Doing Spreadsheets On The ST
BY CHRISTOPHER L. HERD
Get started in the world of spreadsheets with FIGLS.ARC on your START disk.
Spreadsheets are marvelous tools with uses limited by your imagination alone. In this column and the ones that follow, I'm going to take you on a guided tour through the fascinating world of spreadsheets. What I cover will hopefully give you some insight into the "black magic" of spreadsheet template writing. And when I'm finished you'll have an entire spreadsheet ready for use and modification.
I used LDW Power to write the templates, but they'll be generic enough to transfer to your favorite spreadsheet program. If you're serious about learning spreadsheets, however, I recommend that you buy one of the Lotus 1-2-3 clones, LDW Power or VIP Professional.
You'll find this month's spreadsheet template on your START disk in the file FIGLS.ARC. Copy this file to a blank, formatted disk and then un-ARC it following the Disk Instructions elsewhere in this issue. You'll need either LDW Power or VIP Professional to load this template. Follow the programs directions for loading a template file and load in FlGLS.WKS--it's in Lotus 1-2-3 version 1.0 format.
All Misconceptions Aside
Let's first clear the air of some of the basic misconceptions about spreadsheets. The first misconception is that spreadsheets are monstrous things maintained by huge accounting departments. Not so--several of the templates I'll be presenting here will be small enough to fit onto one screen, and they'll be plenty useful for your personal finances or small business.
The second misconception is that you must use a spreadsheet to balance your checkbook. This normally causes uninitiated skeptics to respond with something like "I balance my checkbook a lot faster with my pocket calculator, thank you." Yes, you can balance your checkbook with a spreadsheet template, but you can also do a whole lot more. And that takes us to the subject of this column.
The Gain/loss Statement
Before you can run, you should first learn to walk. So, before we delve into business spreadsheets, we'll start with a basic template that you can use at home. I call this one-page template my "Financed Investment Gain/Loss Statement." As you work with it, it will give you some insight into the functions and flexibility of spreadsheets.

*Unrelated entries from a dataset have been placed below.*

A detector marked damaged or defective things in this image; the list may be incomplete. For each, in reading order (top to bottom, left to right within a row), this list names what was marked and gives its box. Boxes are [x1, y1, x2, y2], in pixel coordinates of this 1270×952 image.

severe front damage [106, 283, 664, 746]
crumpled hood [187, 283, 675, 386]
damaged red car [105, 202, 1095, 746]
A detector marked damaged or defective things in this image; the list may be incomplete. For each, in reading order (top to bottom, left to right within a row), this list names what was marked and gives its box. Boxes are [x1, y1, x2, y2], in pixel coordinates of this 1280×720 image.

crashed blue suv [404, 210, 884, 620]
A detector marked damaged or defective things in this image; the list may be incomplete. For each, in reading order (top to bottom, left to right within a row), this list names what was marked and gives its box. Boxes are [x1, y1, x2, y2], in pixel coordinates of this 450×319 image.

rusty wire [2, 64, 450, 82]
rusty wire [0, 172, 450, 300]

Here's the situation: Have you ever wondered how much you could realize if you sold your house? The template as set up, is applicable to any financed investment that either appreciates or depreciates.
Now, let's discuss some of the more important details of our template. The numbers you must input are the purchase price, financing interest rate, financing term, appreciation, the date of first payment and the date of the most recent payment. From these last two dates and the entry in the monthly payment schedule, the present age of the property will be calculated. If your program doesn't have the date functions necessary to perform this calculation (both VIP Professional and LDW Power do), you may omit lines nine and 10 and input the age of the property in months into the current cell C12.

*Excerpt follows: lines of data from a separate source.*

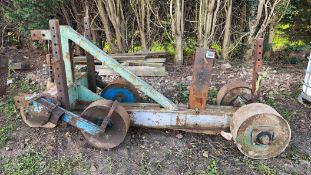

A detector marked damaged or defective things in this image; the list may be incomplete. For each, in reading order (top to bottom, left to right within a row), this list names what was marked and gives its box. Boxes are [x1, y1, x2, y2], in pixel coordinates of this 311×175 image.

rusted steel bar [49, 19, 70, 109]
rusty disc wheel [100, 79, 141, 102]
rusted steel bar [189, 48, 216, 109]
rusty disc wheel [217, 80, 254, 106]
rusty disc wheel [81, 100, 130, 149]
rusty disc wheel [230, 103, 292, 159]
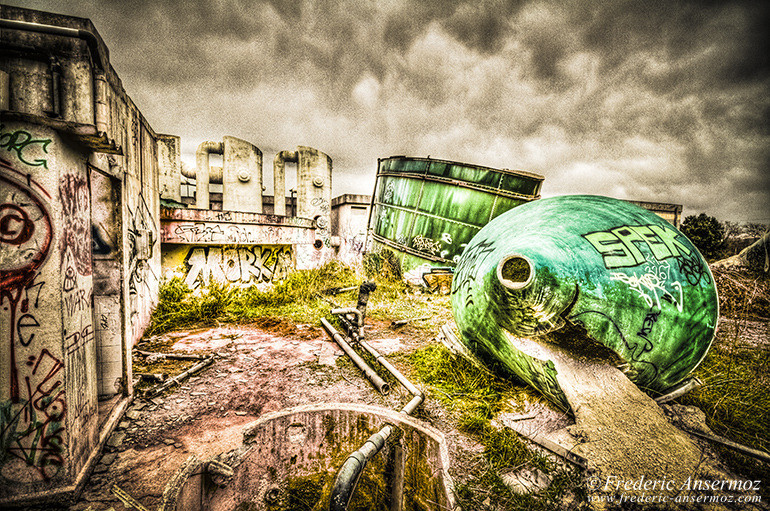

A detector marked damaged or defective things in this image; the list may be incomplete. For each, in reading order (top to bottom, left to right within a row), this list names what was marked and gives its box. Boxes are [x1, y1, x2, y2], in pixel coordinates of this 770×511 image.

rusty metal tank [364, 156, 540, 274]
rusted pipe [320, 320, 390, 396]
rusty metal tank [450, 194, 720, 406]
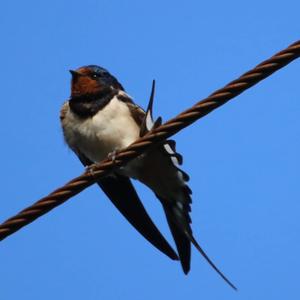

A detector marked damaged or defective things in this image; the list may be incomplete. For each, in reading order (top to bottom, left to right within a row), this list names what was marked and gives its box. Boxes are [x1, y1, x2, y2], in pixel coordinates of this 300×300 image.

rusty twisted wire [0, 40, 298, 241]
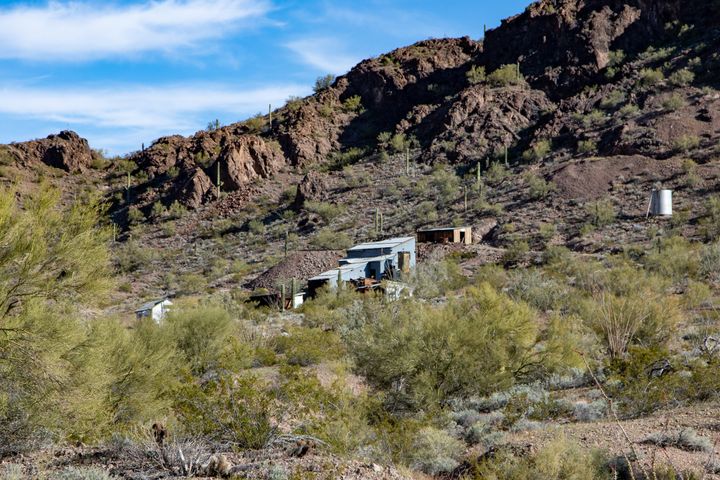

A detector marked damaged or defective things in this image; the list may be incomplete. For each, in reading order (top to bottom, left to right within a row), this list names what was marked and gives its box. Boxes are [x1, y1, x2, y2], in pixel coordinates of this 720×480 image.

rusted metal building [416, 227, 472, 246]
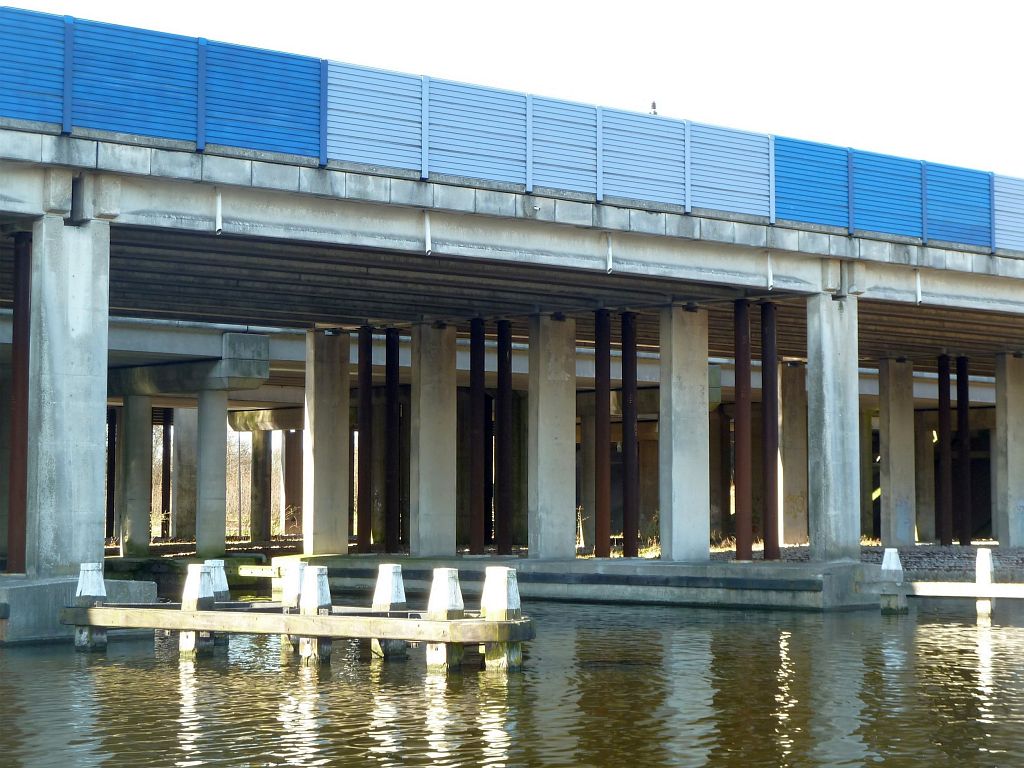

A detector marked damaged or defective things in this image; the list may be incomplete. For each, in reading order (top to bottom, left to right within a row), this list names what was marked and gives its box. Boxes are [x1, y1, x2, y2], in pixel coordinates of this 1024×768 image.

rusty steel column [6, 231, 30, 573]
rusty steel column [360, 325, 376, 552]
rusty steel column [471, 319, 487, 552]
rusty steel column [493, 319, 512, 552]
rusty steel column [618, 313, 634, 561]
rusty steel column [737, 299, 753, 561]
rusty steel column [937, 356, 954, 548]
rusty steel column [954, 356, 970, 548]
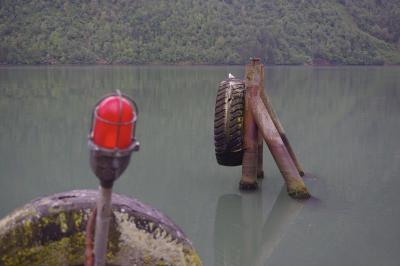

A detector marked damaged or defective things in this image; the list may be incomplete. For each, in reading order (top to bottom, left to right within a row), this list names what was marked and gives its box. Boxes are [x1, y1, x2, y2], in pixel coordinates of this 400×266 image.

rusty metal structure [214, 58, 310, 200]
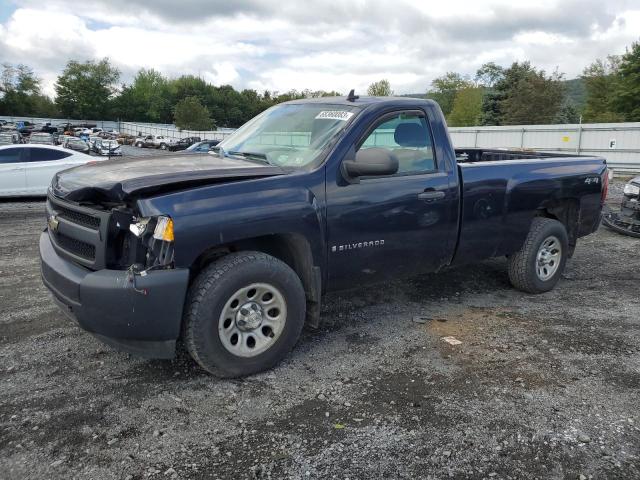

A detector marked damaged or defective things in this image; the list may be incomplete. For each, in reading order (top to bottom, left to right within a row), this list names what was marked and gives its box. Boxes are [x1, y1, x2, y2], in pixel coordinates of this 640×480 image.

wrecked vehicle [37, 95, 608, 376]
front end damage [604, 175, 636, 237]
wrecked vehicle [604, 175, 640, 237]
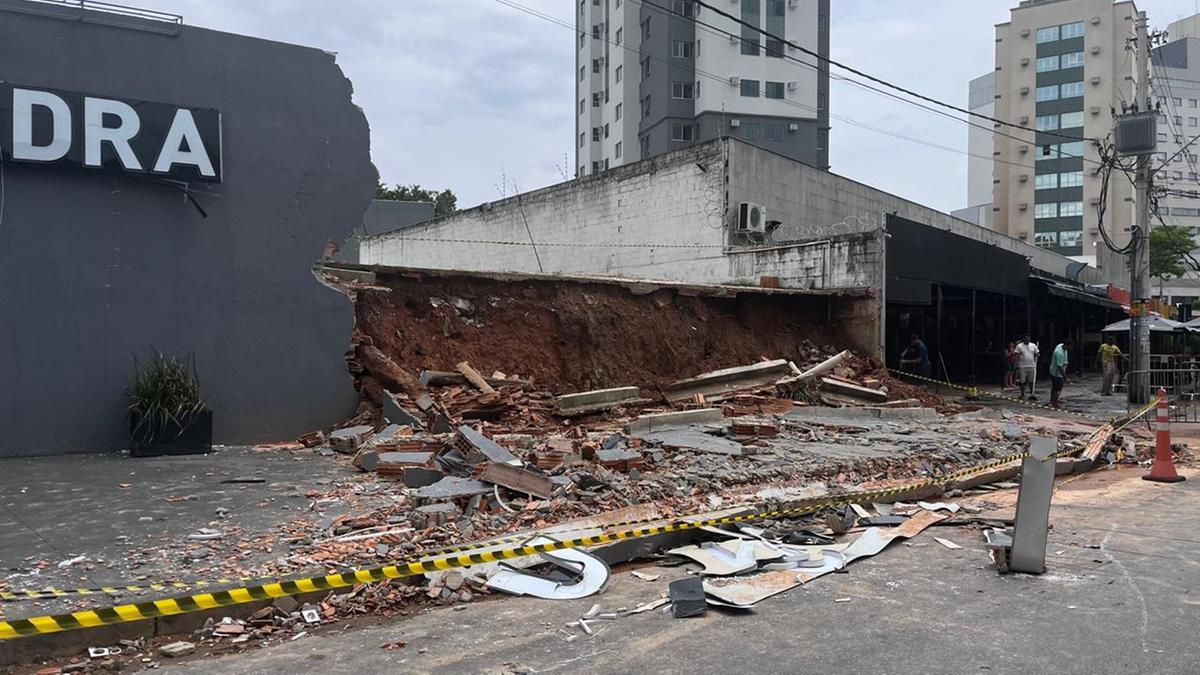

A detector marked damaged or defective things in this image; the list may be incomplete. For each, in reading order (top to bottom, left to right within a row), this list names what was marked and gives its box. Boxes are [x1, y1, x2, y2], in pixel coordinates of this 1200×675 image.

broken white sign piece [482, 535, 609, 598]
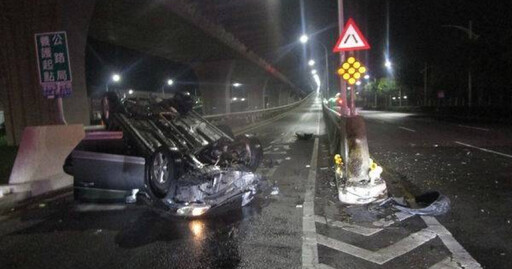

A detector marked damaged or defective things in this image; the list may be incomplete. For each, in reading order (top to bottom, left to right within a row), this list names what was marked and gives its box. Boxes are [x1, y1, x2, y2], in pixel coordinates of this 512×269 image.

overturned car [63, 91, 264, 216]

Similarly, the entry in cell E12 is just a reminder of the mortgage's age--in months; it can be input manually as a label if you don't have the proper date function.
Another product of this spreadsheet is the exact amount of the payment in the top right corner of the output section. Like the rest of these numbers, it's calculated by the worksheet. Note the combined use of the IF function and the very handy payment (PMT) and present value (PV) functions. This helps to preclude spurious results.
Analyzing the Results
Assume that you bought the house for $84,600, financed it at 10 percent for 30 years, expect the property to appreciate at four percent per year and you've just made the January 1989 payment.

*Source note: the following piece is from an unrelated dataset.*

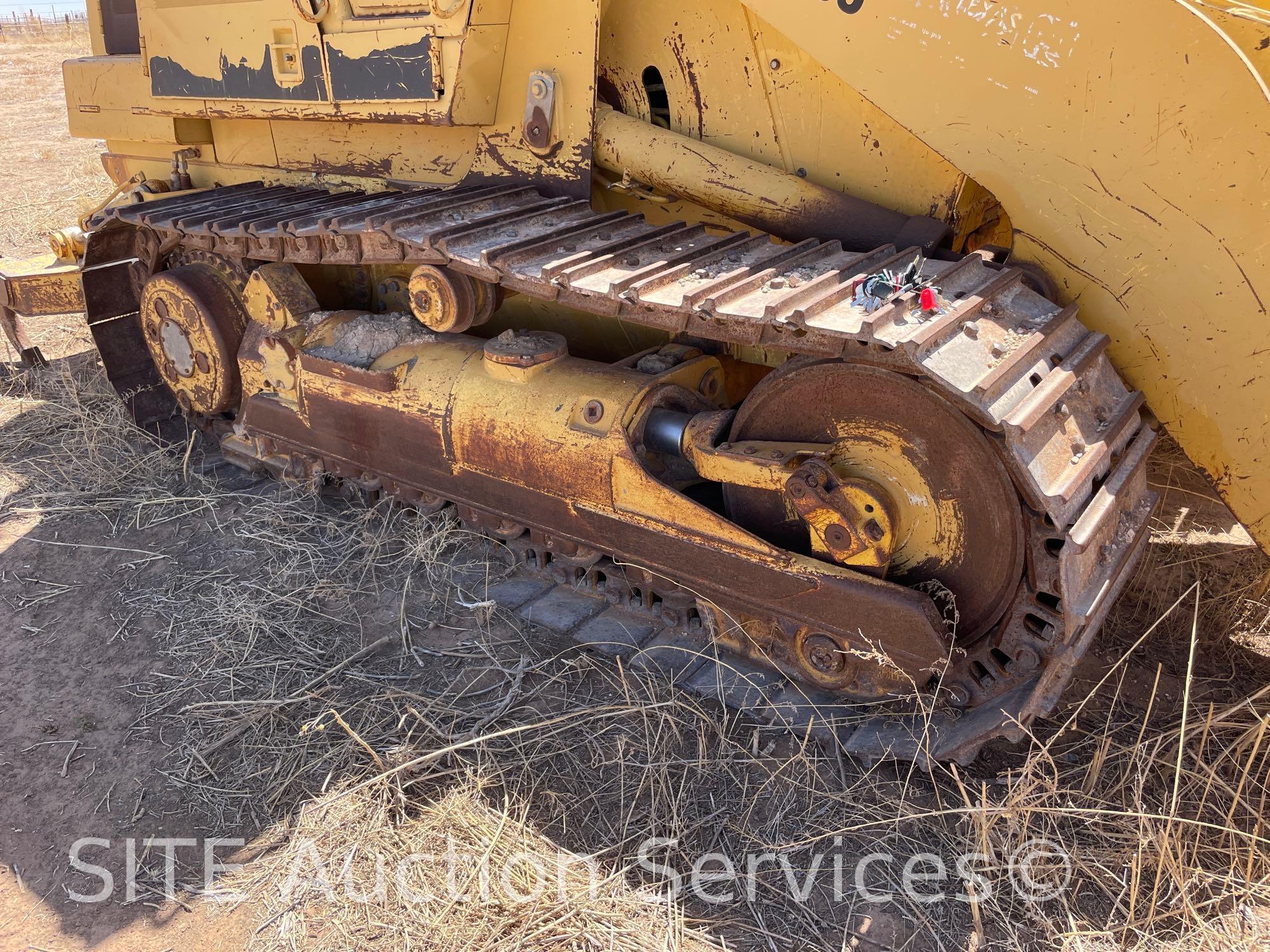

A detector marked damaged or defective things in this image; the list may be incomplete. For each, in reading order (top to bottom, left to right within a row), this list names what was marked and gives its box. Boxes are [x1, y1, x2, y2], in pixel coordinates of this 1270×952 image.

Your property is now worth $89,524.00, according to your appreciation rate. You still owe $83,919.53 on the $84,600 loan. The difference, presumably, is what you'd net (without considering closing costs or commissions) if you sold the house now for the market value and paid off the loan. This is your "Cash-Back Value."
Of course, that amount isn't straight profit. Over the last 17 months, you've been paying a horrendous amount of interest and not much toward equity. In fact, the interest payments alone amounted to $11,940.76, the "Accum Interest Value" as noted on the spreadsheet. So, to gain a cash-back value of $5,604.47, you spent $11,940.76 in interest payments, which means that your net gain is ($6,336.30), the spreadsheet's way of telling you minus $6,336.30!
Now, look at the last line. Your $6,336.30 loss, distributed over the 17 months you've been making payments, comes to only $372.72 per month (compare this to $400-per-month rent payment for a two-bedroom apartment). Without even factoring in the income tax savings for this mortgage interest deduction, you still came out ahead under these assumptions.
Try a little Experimenting
As an experiment, see what happens if the house appreciates at only two percent per year or how fast you can build up equity by getting an 8.5 percent mortgage for 15 years with 30 percent down (just multiply the purchase price by 0.7).
The template I've prepared is even more flexible than that. Maybe you don't own a house. Just plug in the purchase price of your new (or old) car, the finance rate and its age in the payment schedule. For appreciation, try -20 percent or -25 percent.
Christopher L. Herd lives and works in Colorado Springs, Colorado. This is his first article in START.